Don't know if this is the same product but goldschmidt also do larger fuel tanks...

http://www.goldschmitt.de/ft/shop2004/index.htm

click on the union jack for the english version and diesel tanks on the left hand menu.

Even if its not what you're looking for theres loads of other good kit on here thats well worth a looksie.

pete.


----------



## Don_Madge (May 1, 2005)

Pete,

Thanks for that, the site looks useful.  

I've given up any thoughts now of the larger tank, the payload just won't take it.  

I did notice on the site that their plastic tanks were "Not suitable for Bio-Diesel" I wonder if this applies to all plastic tanks :?: 

The ones I looked at were aluminium and of a very high quality. 

Don


----------



## autostratus (May 9, 2005)

Interesting site Pete.

It seems there is a tank for the 1994-2000 series and another for post 2000
Seems a very good upgrade if you run a diesel habitation heating system.

Leaving aside the extra fuel, does anyone know how much heavier is the 135L tank as against the existing one?
I note that the tank is not suitable for bio-diesel.


----------



## DABurleigh (May 9, 2005)

I really wanted the convenience of those extended range tanks for our panel van, as our cars go 500-600 between fill-ups.
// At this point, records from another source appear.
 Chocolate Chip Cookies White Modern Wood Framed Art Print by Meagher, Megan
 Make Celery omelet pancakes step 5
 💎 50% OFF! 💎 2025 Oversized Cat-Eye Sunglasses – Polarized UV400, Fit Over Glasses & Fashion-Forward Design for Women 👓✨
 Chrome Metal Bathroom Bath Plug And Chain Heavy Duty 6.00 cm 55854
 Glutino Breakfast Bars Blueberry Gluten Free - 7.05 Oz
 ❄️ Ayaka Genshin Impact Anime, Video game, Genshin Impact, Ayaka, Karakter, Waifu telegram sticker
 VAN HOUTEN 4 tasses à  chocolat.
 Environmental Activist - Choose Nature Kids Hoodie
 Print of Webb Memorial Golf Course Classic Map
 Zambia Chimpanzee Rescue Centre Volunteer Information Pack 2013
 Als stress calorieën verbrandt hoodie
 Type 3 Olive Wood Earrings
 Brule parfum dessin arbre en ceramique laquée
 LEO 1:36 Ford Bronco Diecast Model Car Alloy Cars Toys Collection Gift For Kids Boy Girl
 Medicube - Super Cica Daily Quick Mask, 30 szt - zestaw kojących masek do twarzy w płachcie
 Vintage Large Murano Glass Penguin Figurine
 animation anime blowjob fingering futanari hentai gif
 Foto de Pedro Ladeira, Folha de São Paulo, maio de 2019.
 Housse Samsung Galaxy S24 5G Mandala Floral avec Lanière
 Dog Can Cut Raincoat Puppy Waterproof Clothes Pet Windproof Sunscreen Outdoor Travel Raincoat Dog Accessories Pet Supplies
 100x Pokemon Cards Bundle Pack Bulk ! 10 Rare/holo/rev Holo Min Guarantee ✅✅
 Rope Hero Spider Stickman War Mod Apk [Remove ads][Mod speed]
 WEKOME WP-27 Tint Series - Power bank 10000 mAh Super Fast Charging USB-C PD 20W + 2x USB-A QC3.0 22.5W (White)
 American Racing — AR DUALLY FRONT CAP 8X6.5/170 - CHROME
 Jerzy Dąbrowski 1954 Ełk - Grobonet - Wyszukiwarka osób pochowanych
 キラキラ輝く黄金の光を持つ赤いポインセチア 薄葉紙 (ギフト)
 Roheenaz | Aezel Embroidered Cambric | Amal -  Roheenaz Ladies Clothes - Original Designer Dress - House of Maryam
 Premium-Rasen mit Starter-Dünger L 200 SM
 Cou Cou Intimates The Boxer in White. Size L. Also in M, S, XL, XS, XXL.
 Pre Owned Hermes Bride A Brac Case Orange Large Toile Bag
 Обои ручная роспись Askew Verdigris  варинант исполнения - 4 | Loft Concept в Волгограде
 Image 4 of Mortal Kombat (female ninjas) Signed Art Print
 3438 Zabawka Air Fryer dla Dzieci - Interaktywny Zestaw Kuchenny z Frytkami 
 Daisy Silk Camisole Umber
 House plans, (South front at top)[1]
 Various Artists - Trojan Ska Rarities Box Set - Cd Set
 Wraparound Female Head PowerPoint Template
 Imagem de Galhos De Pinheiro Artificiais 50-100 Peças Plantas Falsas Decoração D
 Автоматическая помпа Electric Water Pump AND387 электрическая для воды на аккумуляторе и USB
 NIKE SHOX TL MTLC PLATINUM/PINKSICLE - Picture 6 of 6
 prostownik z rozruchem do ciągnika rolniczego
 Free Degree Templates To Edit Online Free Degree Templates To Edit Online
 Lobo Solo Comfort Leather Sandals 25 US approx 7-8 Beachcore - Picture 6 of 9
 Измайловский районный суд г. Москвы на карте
However, the cost seemed crippling to me unless you were a professional courier. I thought I had posted on MHF about them, but I found it was the Yahoo Group Motorhome List instead:

ACGB tanks (as Don's link)








They don't fit them, though maybe are able to put you in touch with someone local to you. The killer is that the Ducato 140l aluminium one is around £375 PLUS VAT, around £500 total if you get it fitted!

Now I remember perhaps a couple of years ago calculating that just 8 trips across the channel would pay for the cost, excluding fitting, for a 135l tank from Leisure Solutions. They then merged with Euro Motorhomes, had a reduced portfolio of products, and now IIRC Euro Motorhomes has gone bust. The French/UK diesel price gap has dwindled to boot :-(

Kuhn Auto Technik 
http://www.kuhn-autotechnik.de








advised the cost of their plastic Giant Fuel Tank (135 litres) for a Fiat Ducato is Euros 349 plus Euros 225 for fitting. This seemed a lot for for about an hour's labour. Also, from their website, I am confused about whether they do one for a latest Ducato 2.8JTD.
http://www.kuhn-autotechnik.de/ehtm/produ_tank.htm
http://www.kuhn-autotechnik.de/katalog/Kuhn076_77.pdf

Dave


----------